New Mandate Less Focused on Increasing Square Footage and Aimed More at Supporting Business Growth in a Flexible Manner While Managing Total Occupancy Costs and Reducing Risk

Tenants throughout corporate America are beginning to be less concerned about cost containment within their real estate portfolios and are shifting their focus from retrenchment to “growing smart,” in which they are looking for ways to maximize space utilization and to increase productivity in 2011 and beyond, according to Jones Lang LaSalle as part of the results of its 2011 Corporate Real Estate Survey distributed at the CoreNet Global Summit in Chicago.

The survey revealed that most companies are beginning to enter a cautious growth mode. Firms are placing a strong emphasis on providing a compelling rationale for each square foot of their real estate footprint in response to Wall Street expectations for growth and cost management as well as merger and acquisitions activity.

“Companies in the United States are entering a growth mode in terms of hiring and business line expansion, but this may not translate to growth in office space needs to the same degree,” said Kenneth Rudy, international director, corporate solutions at Jones Lang LaSalle. “Even as they grow, companies are focused on strategies to maximize space utilization, both in the amount of space needed per employee and in the effectiveness of the space in driving a highly productive workforce.”
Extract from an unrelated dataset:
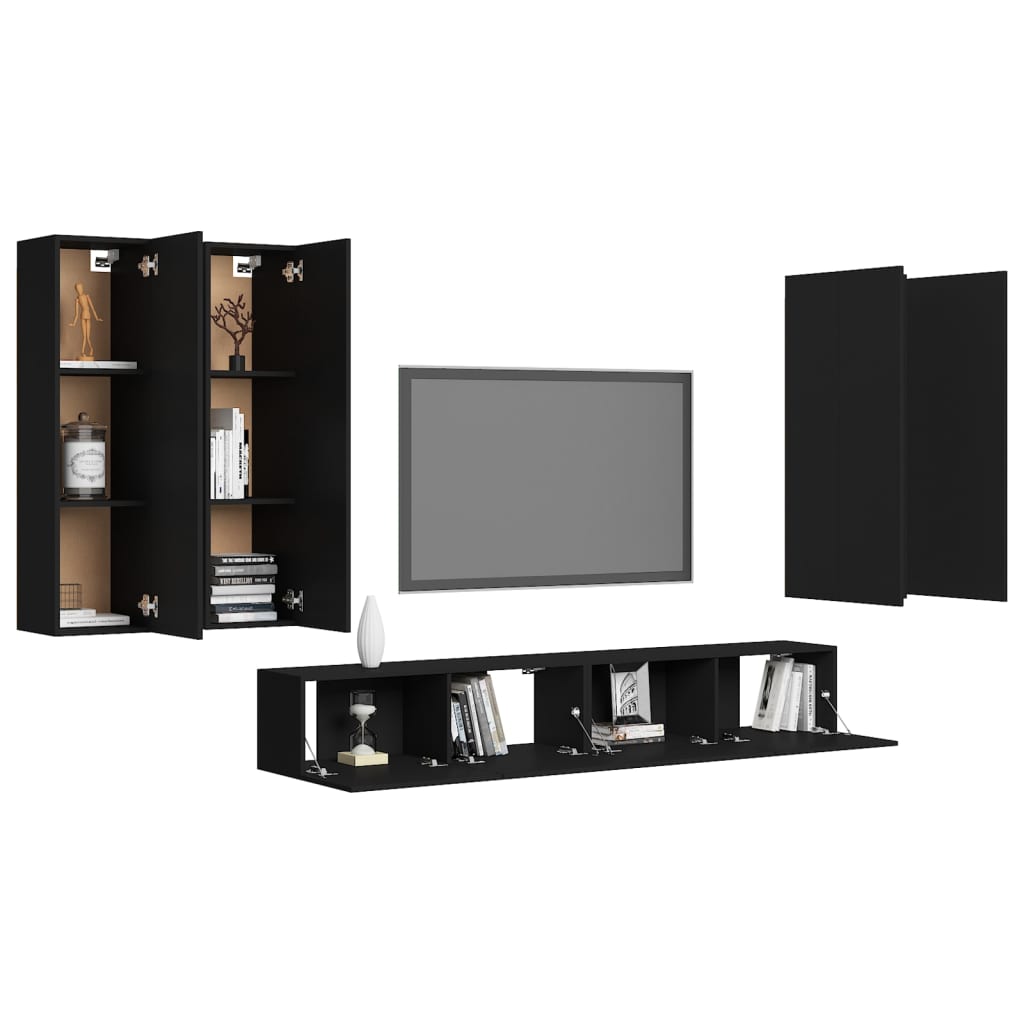 Set di Mobili Porta TV 6 pz Nero in Legno Multistrato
The mandate will be less focused on increasing square footage in a portfolio, and more aimed at supporting business growth in a flexible manner while managing total occupancy costs and reducing risk.

It will also involve making strategic repositioning decisions to eliminate underutilized or redundant space. Occupiers will be challenged to adopt organizational structures that can drive global initiatives, balance growth and consolidation, control risk and enable quick decision making.

Positioning for smart growth in the face of changing demographics, labor costs, energy costs and world politics is leading companies to carefully evaluate entire operational footprints – office, distribution and manufacturing – and to develop the right commercial real estate organization, governance and guiding principles that can drive global initiatives and produce results, while supporting a company’s appetite for strategic growth.

“The old rules no longer apply,” said Lauren Picariello, vice president of occupier research for Jones Lang LaSalle. “Many large companies will not immediately take on more space as they increase revenues and resume hiring. There is a fundamental shift in the way corporate America consumes commercial real estate today.”

Flight to Quality Ramps Up

Unlike previous cycles, this recovery will not be as broadly based, JLL said. In recent quarters, in response to a tenant-favorable market, occupiers aggressively used flight-to-quality strategies to secure top-tier space at market-low rents.

Companies are being hyper-selective with space requirements and are migrating to real estate that brings the company as close as possible to its clients, employees and other key stakeholders. Many leading markets segments are now seeing the availability of premier quality Class A space tighten, making the flight to quality executed in 2010 more challenging. As shortages of quality space emerge, especially for large size requirements, relocation options will become limited, reducing tenant leverage.

As occupiers gravitate away from second-generation space to new higher quality options, holes have been left in the Class B and commodity space markets. This in turn has created opportunities for more price-conscious tenants looking to take advantage of higher vacancy and depressed rents for “flight to value” plays.